*WORK INSTRUCTIONS*
The task for the listing below is to write out exactly the lines starting at the one containing "Dove of peace" and ending at the one containing "Rear view of man working at clinic", both included. Pictures are to be omitted.

··· DATASET RECORDS ···

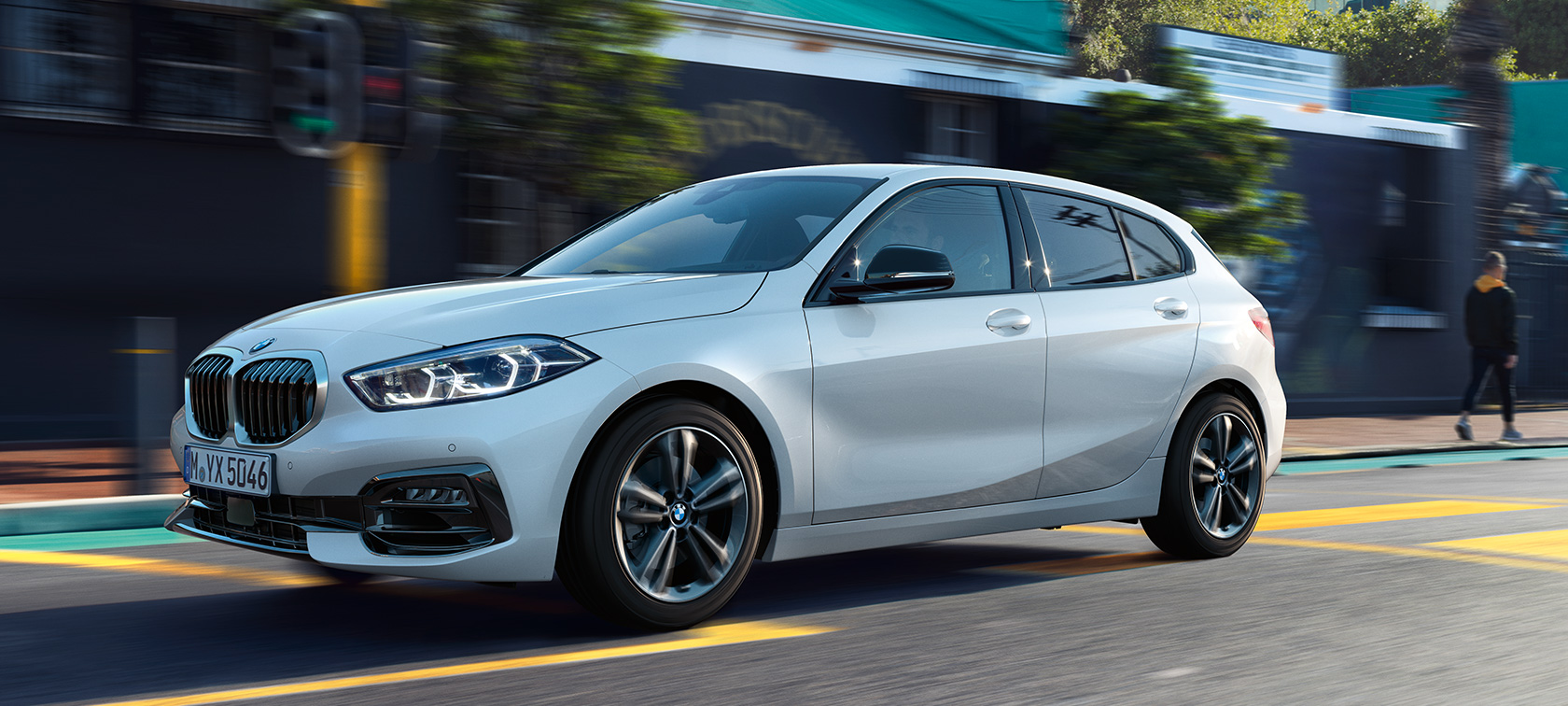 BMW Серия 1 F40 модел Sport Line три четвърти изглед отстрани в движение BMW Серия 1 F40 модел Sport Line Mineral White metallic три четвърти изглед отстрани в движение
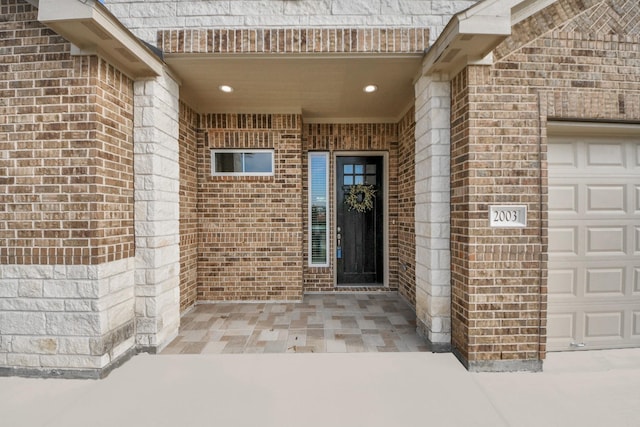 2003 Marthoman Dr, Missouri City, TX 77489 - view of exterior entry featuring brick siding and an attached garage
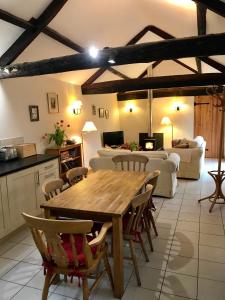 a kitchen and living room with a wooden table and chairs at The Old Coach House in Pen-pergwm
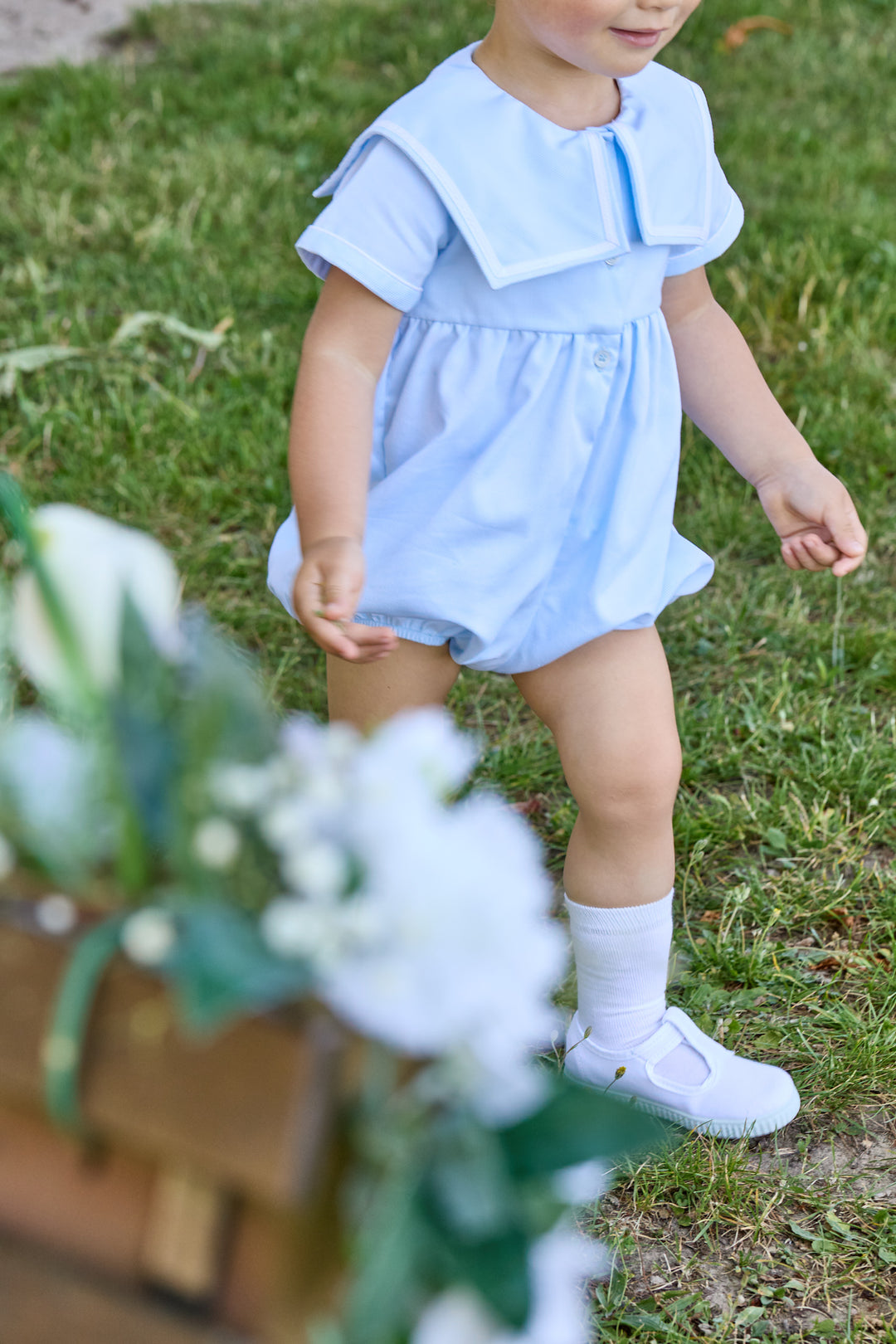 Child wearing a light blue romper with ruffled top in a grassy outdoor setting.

···
··· DATASET RECORDS ···

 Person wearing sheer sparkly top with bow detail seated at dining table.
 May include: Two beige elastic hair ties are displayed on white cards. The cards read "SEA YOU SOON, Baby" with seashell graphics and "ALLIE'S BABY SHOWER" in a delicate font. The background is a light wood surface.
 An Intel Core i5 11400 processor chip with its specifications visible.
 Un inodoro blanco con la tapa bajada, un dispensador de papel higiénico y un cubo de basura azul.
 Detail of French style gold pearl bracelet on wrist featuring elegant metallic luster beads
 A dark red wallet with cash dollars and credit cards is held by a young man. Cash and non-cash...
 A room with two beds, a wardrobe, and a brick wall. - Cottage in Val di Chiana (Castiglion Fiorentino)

···
··· DATASET RECORDS ···

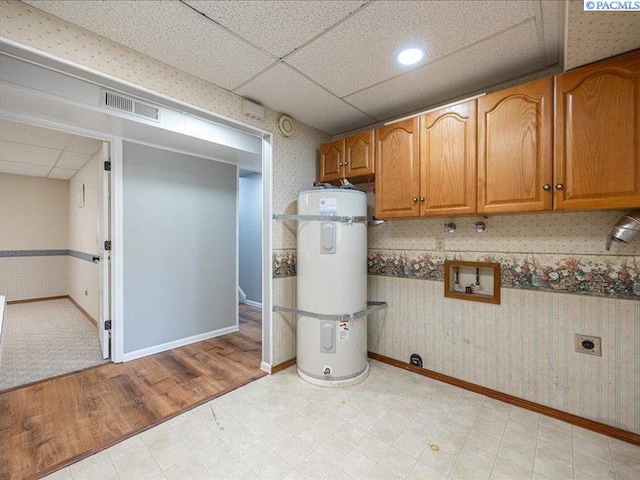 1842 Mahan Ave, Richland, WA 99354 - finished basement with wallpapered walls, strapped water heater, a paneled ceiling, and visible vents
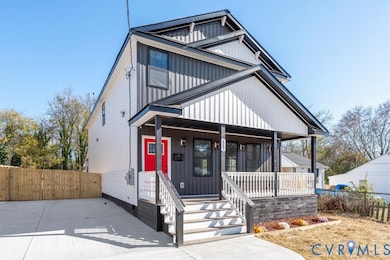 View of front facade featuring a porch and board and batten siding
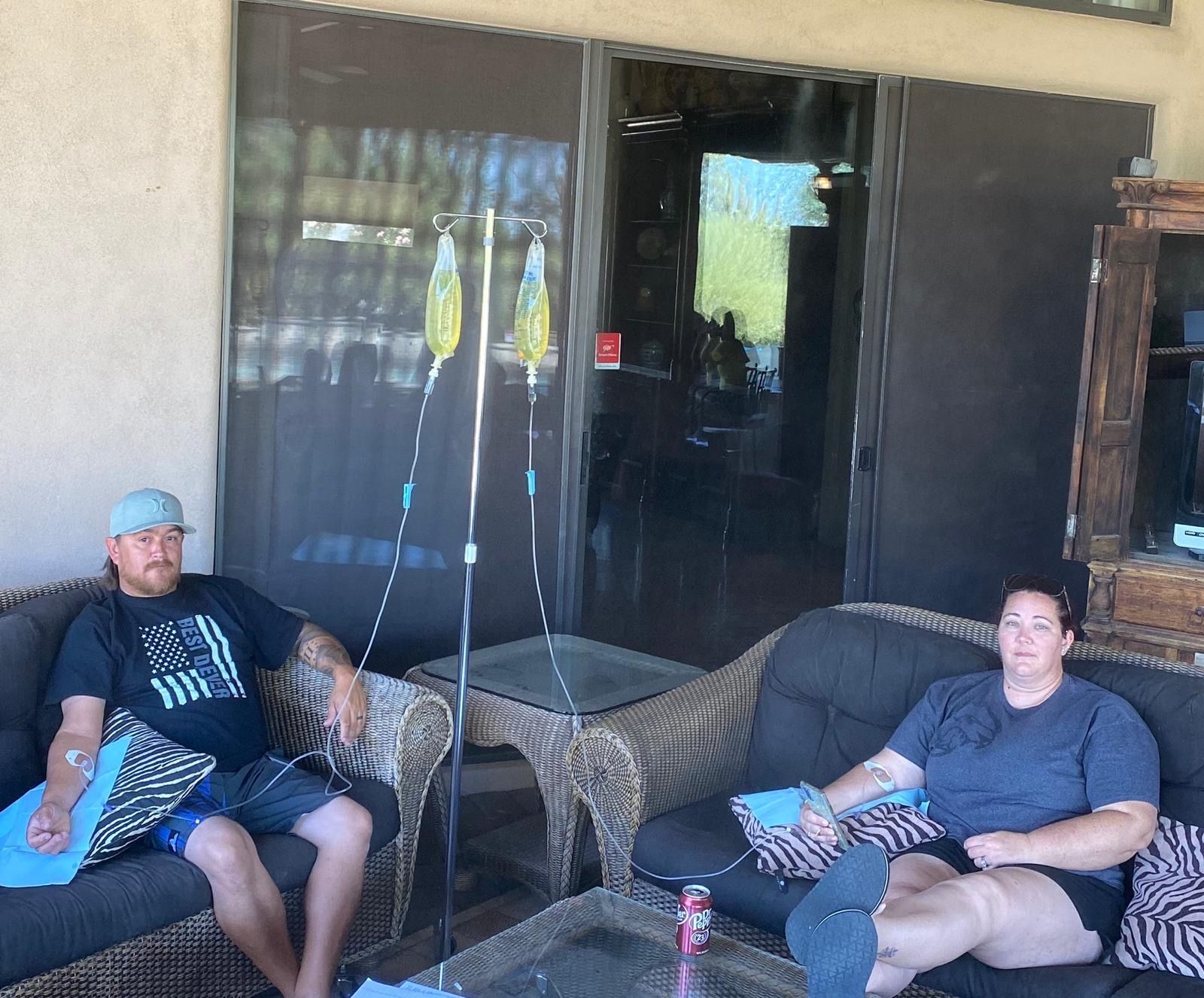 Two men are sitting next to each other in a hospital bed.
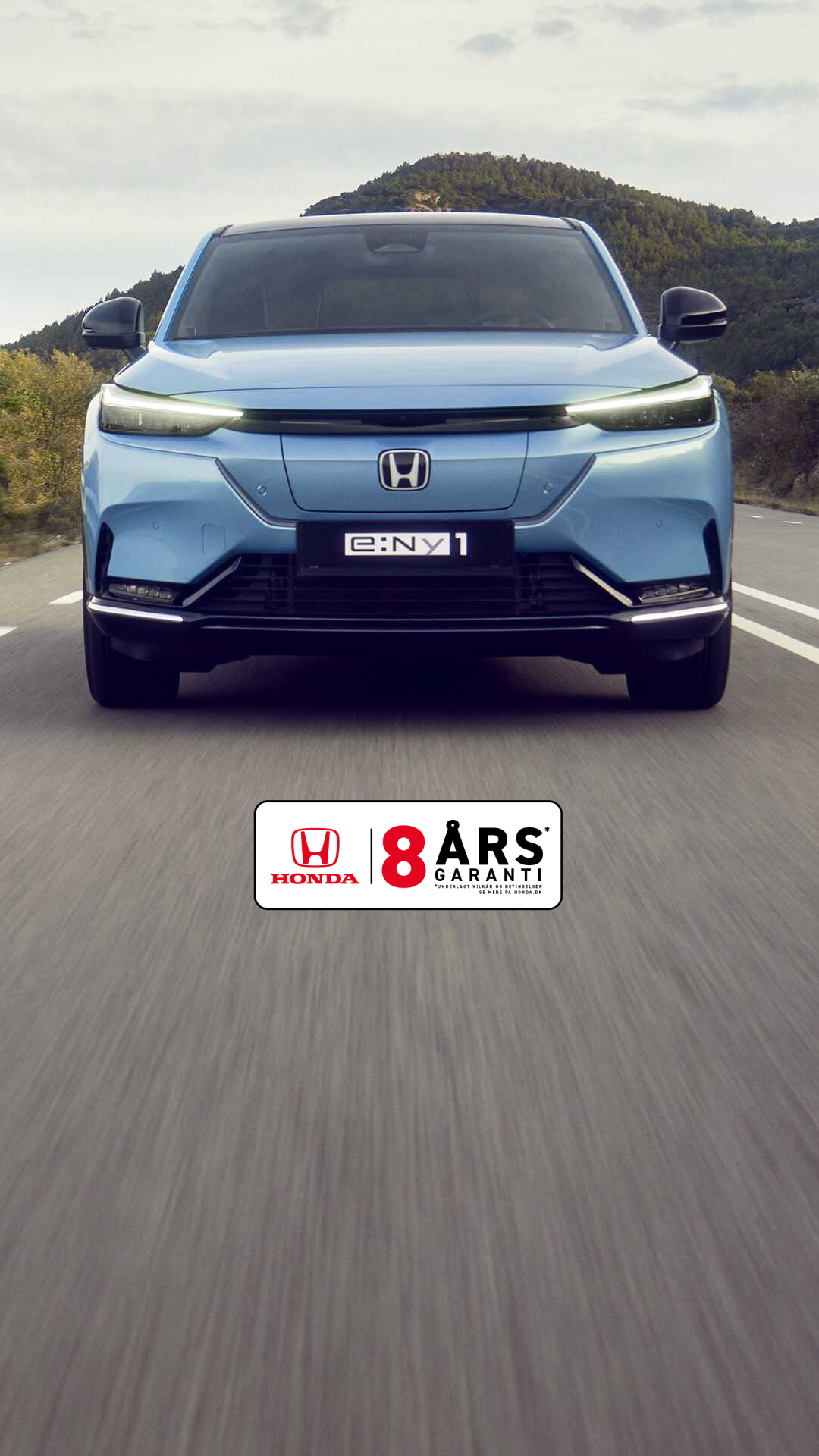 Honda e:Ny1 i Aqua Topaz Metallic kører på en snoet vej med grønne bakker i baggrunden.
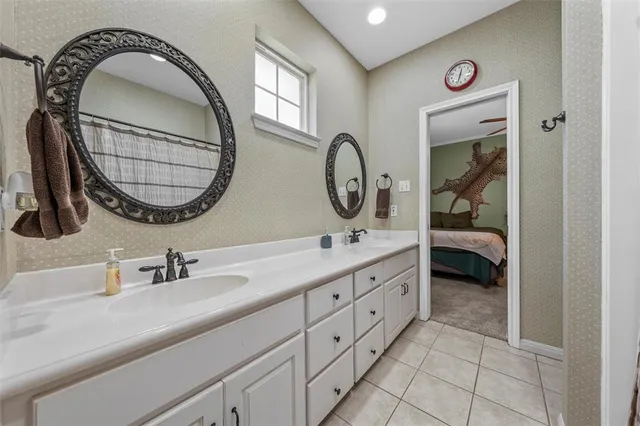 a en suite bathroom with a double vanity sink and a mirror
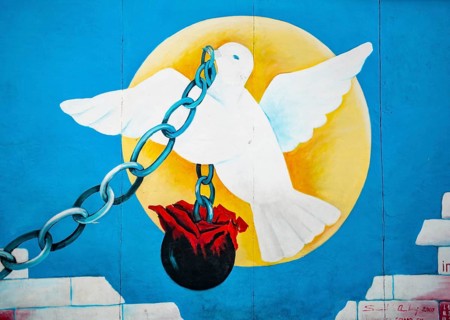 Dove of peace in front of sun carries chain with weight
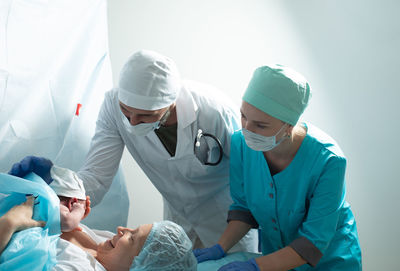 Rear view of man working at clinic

···

*YOUR RESPONSE*
 Dove of peace in front of sun carries chain with weight
 Rear view of man working at clinic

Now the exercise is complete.